L’enseignement de Gurjieff et la quatrième voie.

L’enseignement de Gurdjieff est complexe. Il comporte une cosmologie, une cosmogonie et une anthropologie. Il débouche sur une praxis qui est parfois déroutante.

L’origine des idées de Gurdjieff : J. G. Bennett s’est interrogé, dans "L’Énigme Gurdjieff", sur l’origine des idées de son maître :

« Autre énigme relative à Gurdjieff : les sources de son enseignement et de ses méthodes. Il ne révéla jamais ouvertement d’où lui venaient ses connaissances. Tous ceux qui prennent la peine d’examiner de près son enseignement et ses méthodes peuvent en assigner presque tous les fragments à quelque tradition connue. On peut dire que tel ou tel thème provient de la tradition orthodoxe, tel autre de la tradition assyrienne ou babylonienne, et tel autre encore est visiblement apparenté à l’Islam et relié au soufisme, et même avec tel ordre soufi en particulier. D’autres éléments pourraient provenir de telle ou telle lignée bouddhiste. Il y a aussi de bonnes raisons de croire qu’il afait des emprunts à ce qu’on appelle la tradition ésotérique occidentale, platonicienne et rosicrucienne. Mais lorsqu’on examine les choses d’encore plus près, on y découvre une saveur qui n’est imputable à aucune tradition connue. Si Gurdjieffn’avait été qu’un syncrétiste, un réformateur ayant rassemblé des fragments de plusieurs traditions secrètes découvertes au détour de sa propre recherche, alors son rôle serait d’un certain type. Mais si, en revanche, il y a en lui quelque chose de tout àfait original, qui ne peut être rapporté à aucune tradition passée connue ou secrète, alors sa place est toute autre. Et c’est là que se situe la deuxième énigme : laquelle de ces deux places occupe-t-il ? N’était-il qu’un homme intelligent ayant pu voyager en poursuivant des recherches approfondies, découvrir beaucoup de choses, lire énormément, accéder à des sources en langues diverses, et à partir de tout ce matériel réuni, avait-il réussi à construire quelque chose ? Ou était-il un homme qui, outre ces antécédents indubitables, avait une perception personnelle et directe des êtres et du monde, une perception essentielle et pourtant non imputable à une source antérieure ? Cette deuxième perspective ferait de lui un homme d’une valeur toute particulière. »

Écrivant ceci, Bennett a posé clairement la problématique d’un débat de fond qui a beaucoup agité le petit monde des gurdjieffiens. Ceux-ci se sont, en effet, longuement interrogés sur l’origine des idées du maître, sur l’existence réelle de la Fraternité des Sarmoungs , sur sa survivance, etc. James Webb a consacré quarante pages à ce problème dans son ouvrage The Harmonious Cirele, John Godolphin Bennet lui a dédié un livre entier, Boris Mouravieff et Piotr Ouspensky y ont fait référence de manière approfondie et tous ont proposé des solutions divergentes... La raison de tout cela pouvant être la pure curiosité intellectuelle, le souci de mieux comprendre le Travail, le désir d’entrer soi-même en contact avec les maîtres secrets et la fraternité cachée ou celui de se renforcer en termes de pouvoir, en se posant comme l’interlocuteur de la « seule vraie » source !

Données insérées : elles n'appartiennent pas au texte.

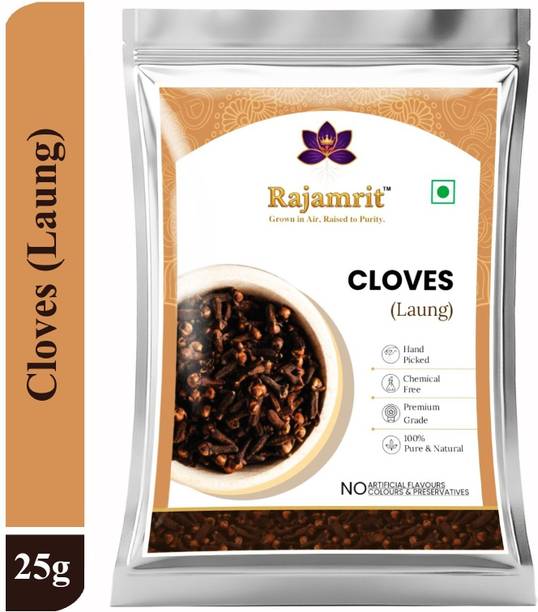 Rajamrit Organics Whole Cloves (Laung), 25g - Premium Handpicked Spices, High Oil Content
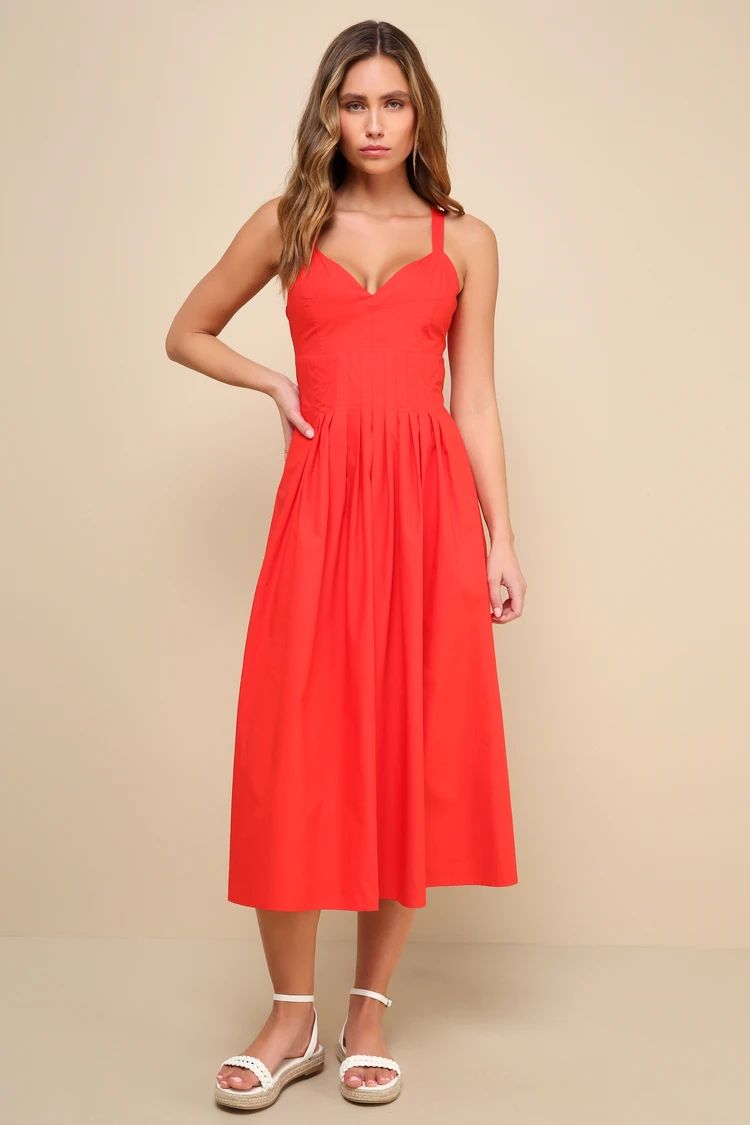 Strolling Sicily Red Pleated Backless Midi Dress With Pockets | Lulus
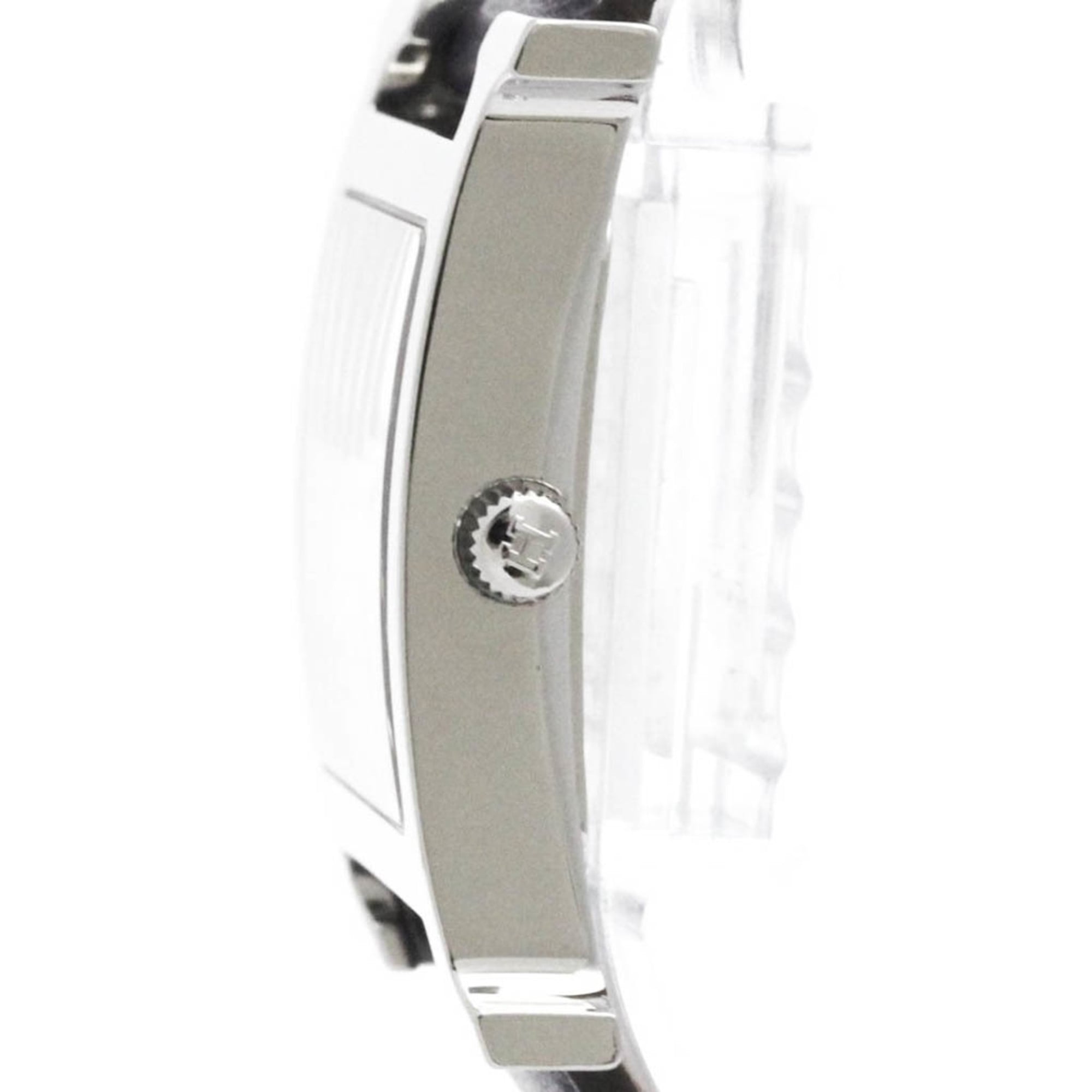 HERMES H Wach Steel Leather Quartz Mens Watch HH1.810 Polished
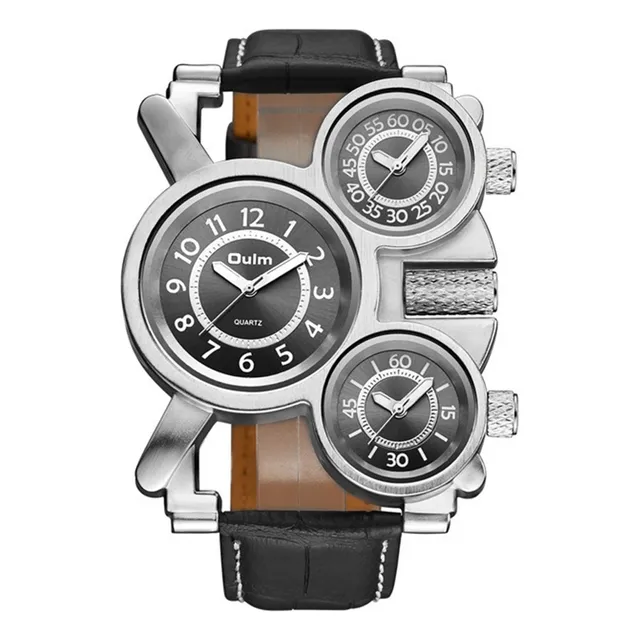 Reloj Para Hombre Oulm Cuarzo Zona Horaria De Cuero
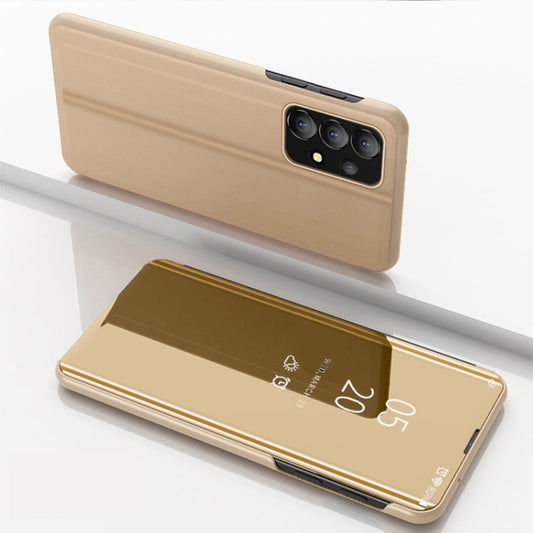 For Samsung Galaxy A53 5G Plated Mirror Flip Leather Case with Holder(Gold) - Galaxy Phone Cases by buy2fix | Online Shopping UK | buy2fix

Pour résoudre cette énigme des origines on peut procéder par classification et les ranger en deux catégories : celles qui sont possibles, voire probables, et qui voient l’origine de la pensée gurdjieffienne dans le christianisme orthodoxe ou dans l’occultisme occidental (en ajoutant que cette pensée peut fort bien être un composé des deux) ; et celles qui reposent sur de simples coïncidences (voire sur des mystifications), c’est-à-dire celles qui affirment que Gurdjieff tirait l’essentiel, ou une partie, de ses idées du bouddhisme ésotérique ou du soufisme.

Michel de Salzmann a résumé sa pensée en une seule phrase : « Sa source, c’était la Tradition primordiale. » Cette réponse était sans doute la meilleure que l’on pouvait faire puisqu’elle donnait raison à tous sans abonder dans le sens d’aucun.

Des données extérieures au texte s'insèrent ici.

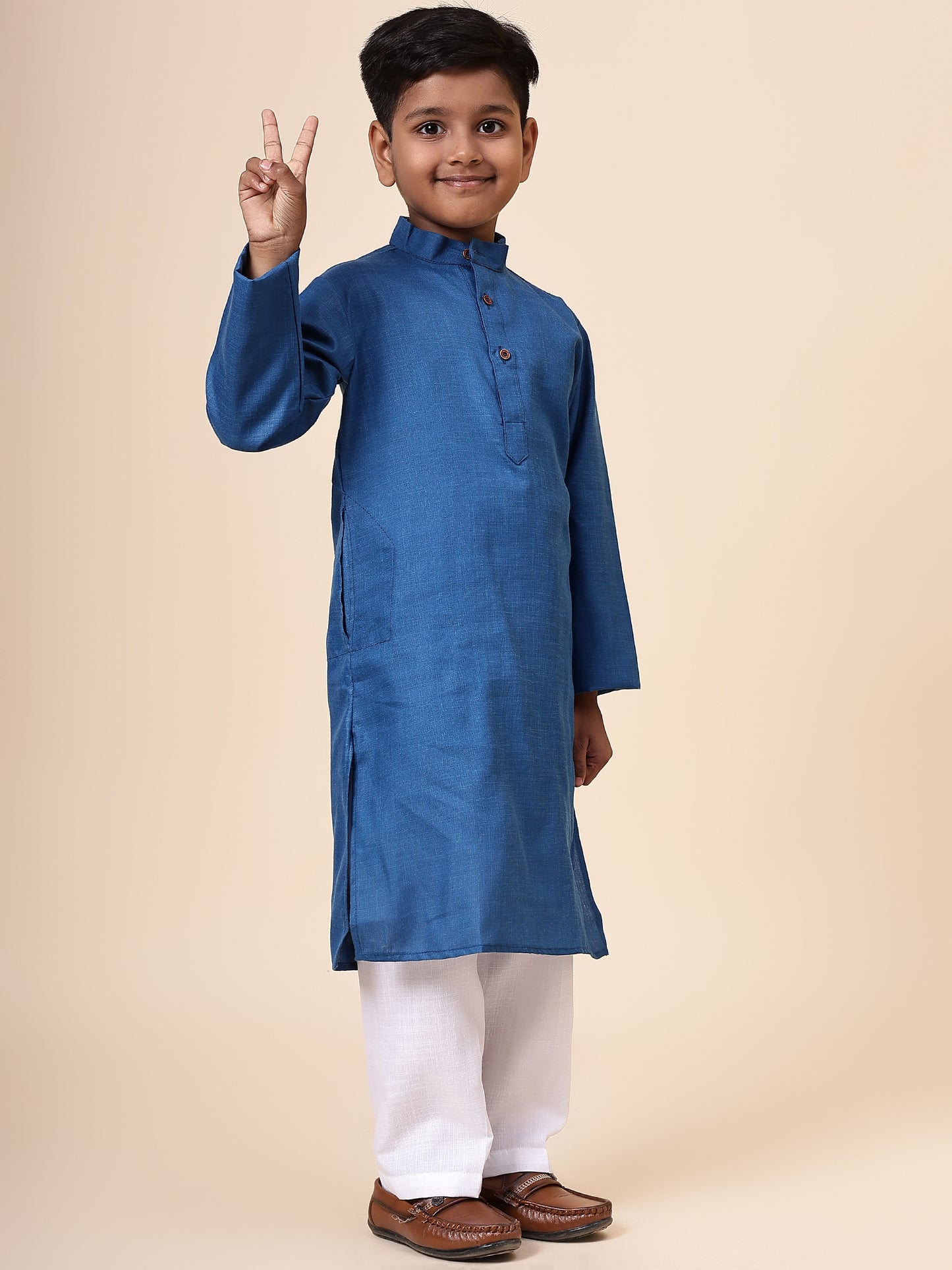 Karnam Junior - Boys Rama Green Cotton Kurta Set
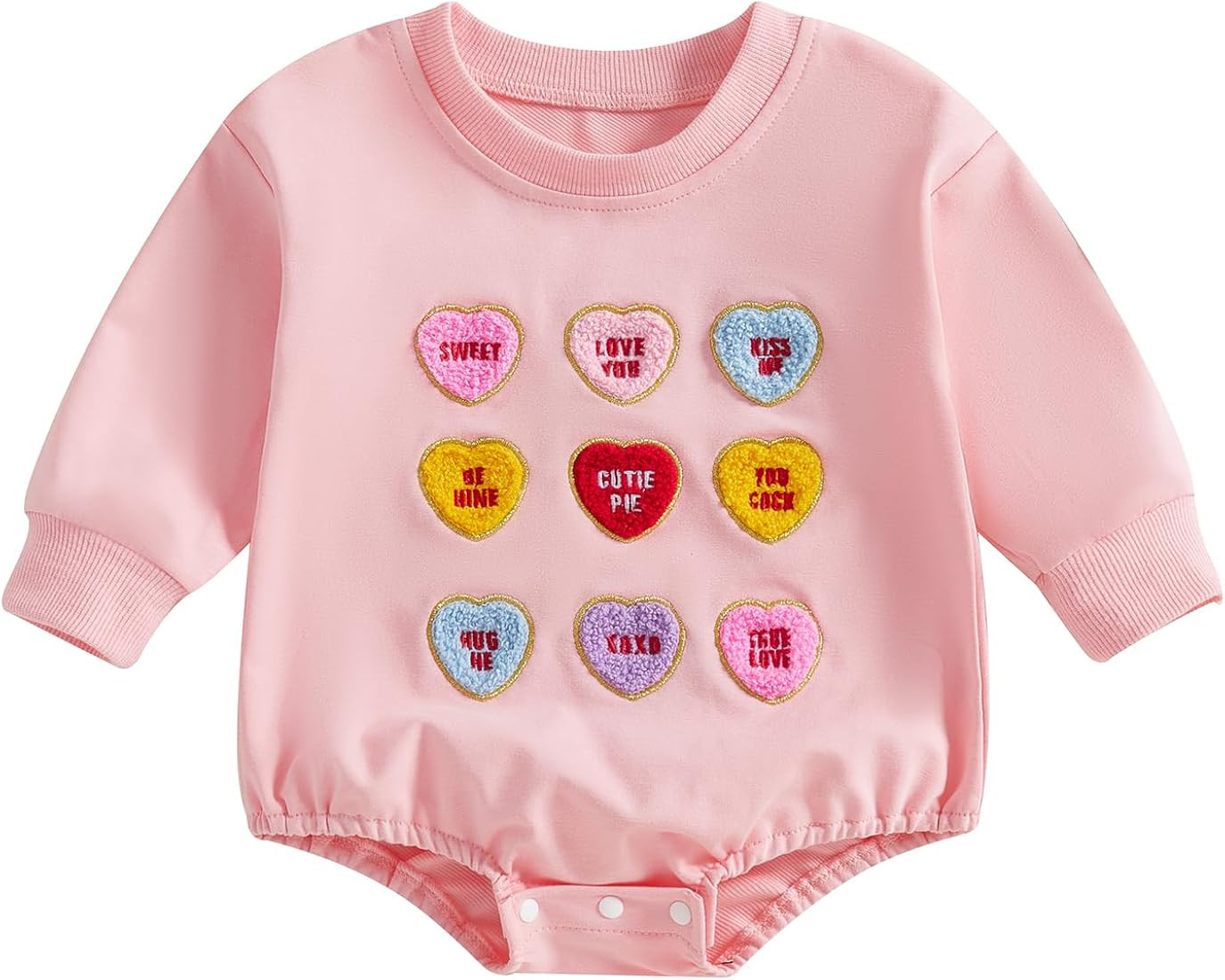 Valentines Day Baby Girl Outfit Heart Long Sleeve Bubble Sweatshirt Romper Newborn Girls Fall Win... | Amazon (US)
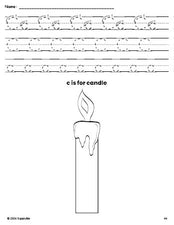 Free printable candle Christmas coloring page, letter c tracing worksheet for preschool, pre-k, and kindergarten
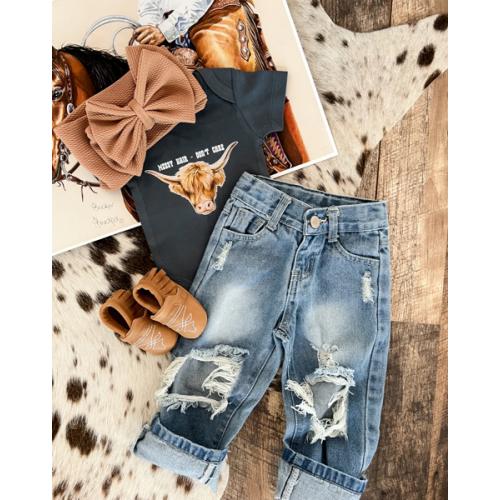 Western Denim Distressed Jeans(Kid)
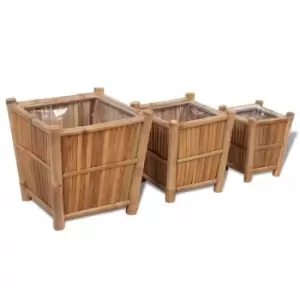 image of Vidaxl - 3 pcs Bamboo Raised Bed with Nylon Lining Brown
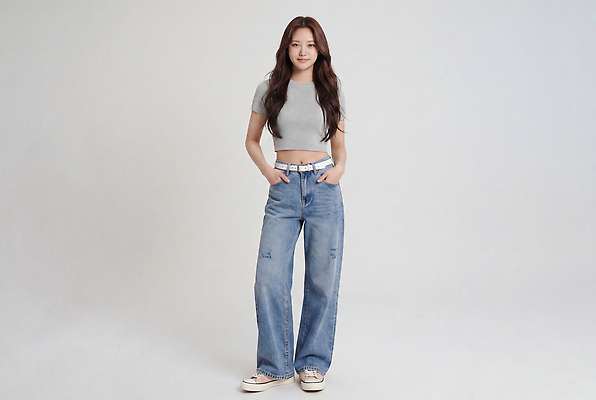 JPG 모델 편집이미지 옷 포즈 사람 만남 청바지 분위기 주머니 배꼽티 의료성형뷰티 스타일 편집실사 AI인물포토 AI콘텐츠 컨셉 바지 CG 파일형식 AI포토 하의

L’enseignement par les symboles et diagrammes

Gurdjieff enseignait aussi grâce à l’utilisation de symboles. Dans Fragments d’un enseignement inconnu, il nous définit lui-même l’intérêt de ceux-ci pour l’enseignement : « La vraie compréhension des symboles ne peut pas prêter à discussion. Elle approfondit la connaissance, et elle ne peut pas rester théorique, parce qu’elle intensifie les efforts en vue de résultats réels, en vue de l’union du savoir et de l’être, c’est-à-dire en vue du Grand Faire. La connaissance pure ne peut pas être transmise ; mais si elle est exprimée par des symboles, elle se trouve recouverte comme d’un voile qui, pour ceux qui désirent la voir et savent comment regarder, devient transparent. »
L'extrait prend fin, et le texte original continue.